Des industriels encore craintifs
Peugeot, longtemps heraut des moteurs diesel et donc
considéré comme une entreprise polluante, va encore plus loin. Il s'associe à
l'Office national des Forêts et Pro-Natura International (une ONG
franco-brésilienne) dans le cadre de l'opération Puits de carbone qui consiste
à reboiser 500 hectares de la forêt tropicale brésilienne de la région de
Juruena. En vue de recréer un écosystème capable de fixer le CO2 en excès.

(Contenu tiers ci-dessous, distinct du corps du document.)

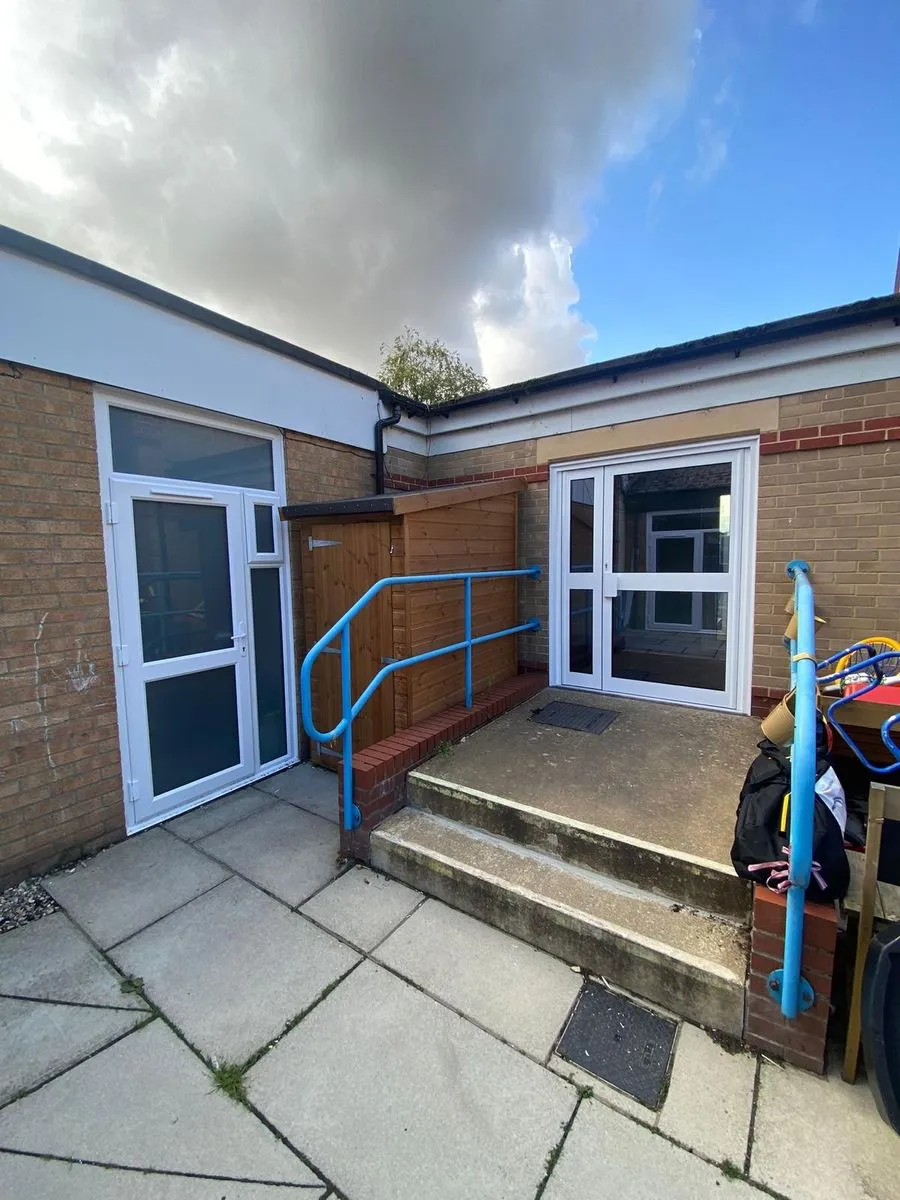 New white aluminium French doors with panic bar beside a white door with side panel at Horsford CofE VA Primary School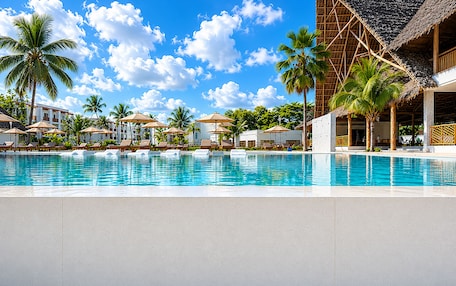A resort pool with lounge chairs, palm trees, and a building with a thatched roof.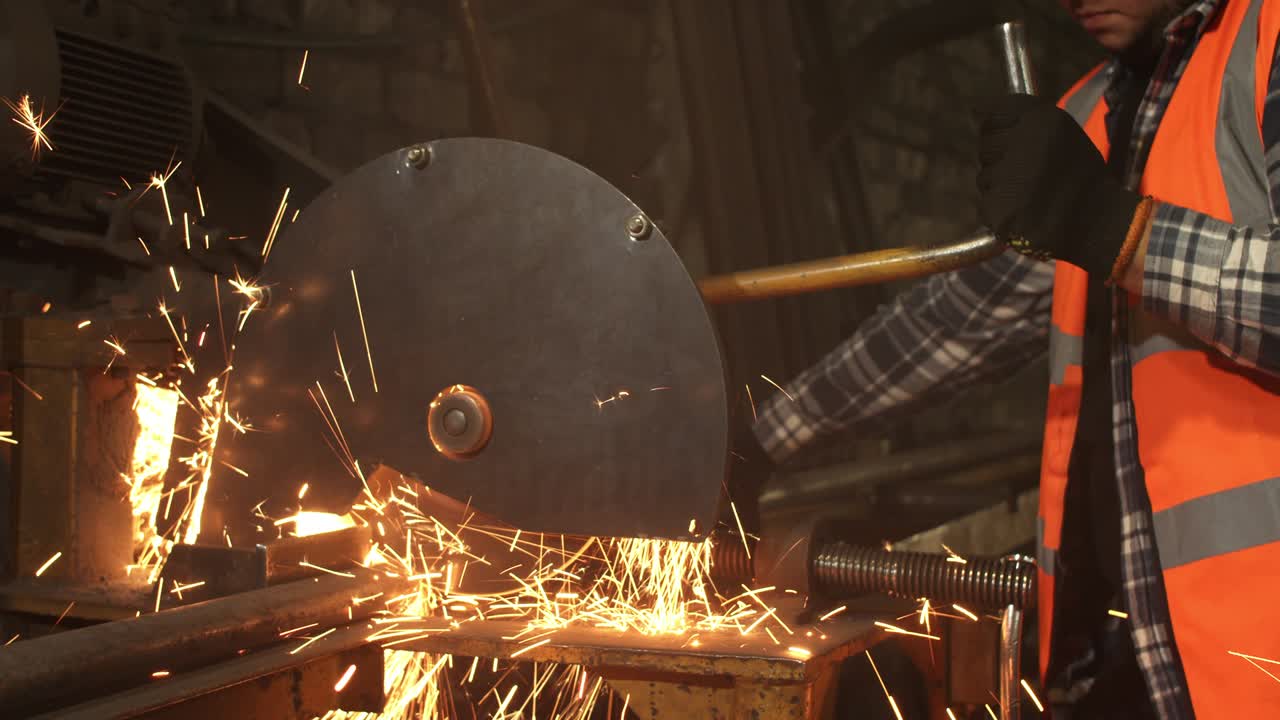 trabajador masculino cortando metal en un taller sucio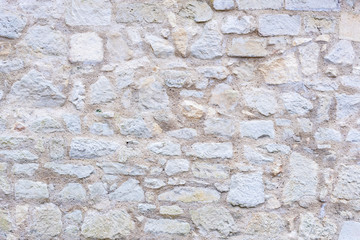 Eine alte Steinmauer mit schöner Struktur als Hintergrund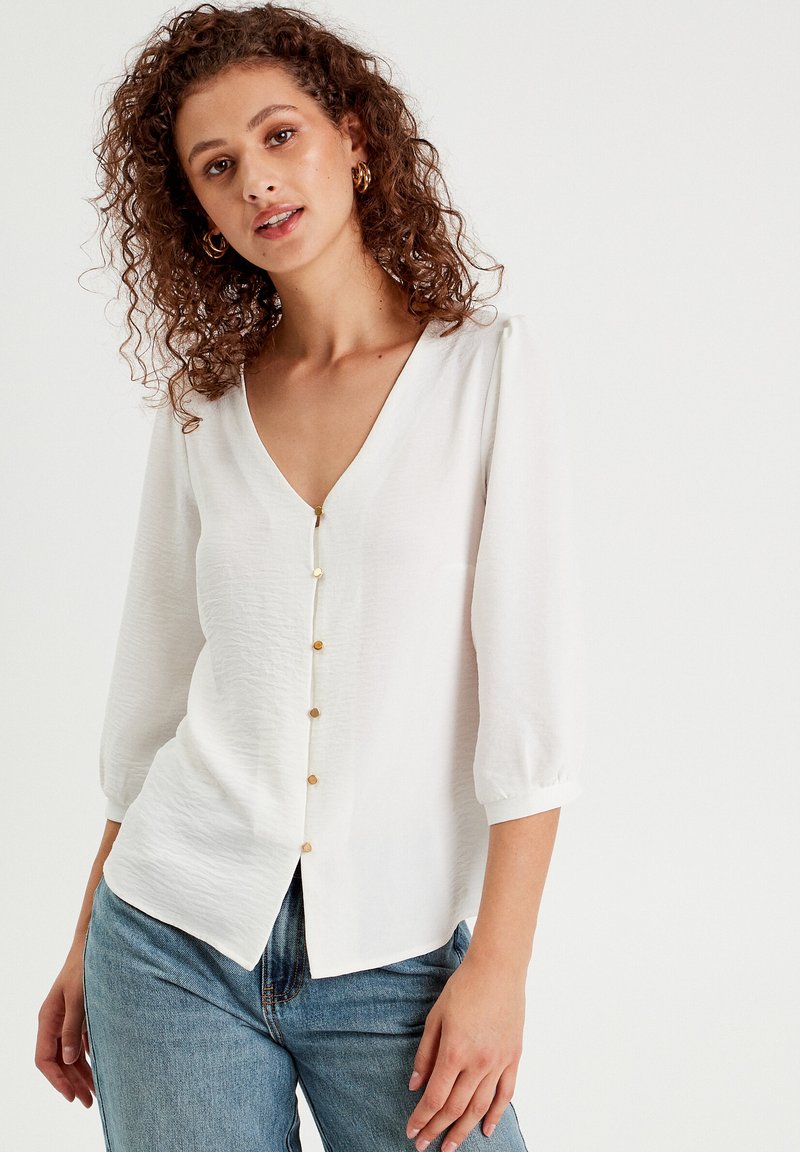 Blouse blanche, légère, avec un décolleté en V, des manches trois-quarts et des boutons dorés sur le devant. Texture lisse avec une coupe décontractée.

L'industriel finance à 100 % l'opération sur une durée de 40 ans et pour la
bagatelle de 65 MF ! Rappelons tout de même que 20 millions d'hectares de
forêts tropicales disparaissent chaque année. Mais l'initiative de l'industriel
reste isolée et peu médiatisée en France. Pour l'instant du moins car, comme
l'explique Thierry Kazazian, directeur de O2France, agence d'éco-conception, «
les industriels restent craintifs par rapport à leurs communications
environnementales. Ils bougeront quand ils verront les autres bouger ». Et
cette émulation devrait s'amplifier sous la pression d'une opinion publique
sensibilisée par les catastrophes écologiques et l'impulsion gouvernementale.
La France prendra la présidence de la conférence des parties sur le changement
climatique (COP 6) de La Haye au mois de novembre. Conférence qui devrait
déboucher sur une réglementation plus stricte et a priori plus "taxante", que
ce soit au niveau des acteurs économiques ou des consommateurs eux mêmes. Et,
dans ce cadre, le mécénat environnemental ne suffira pas. « Les industriels ne
feront pas l'économie d'un grand ménage en interne s'ils veulent réellement
communiquer sur les valeurs environnementales », souligne Thierry Kazazian.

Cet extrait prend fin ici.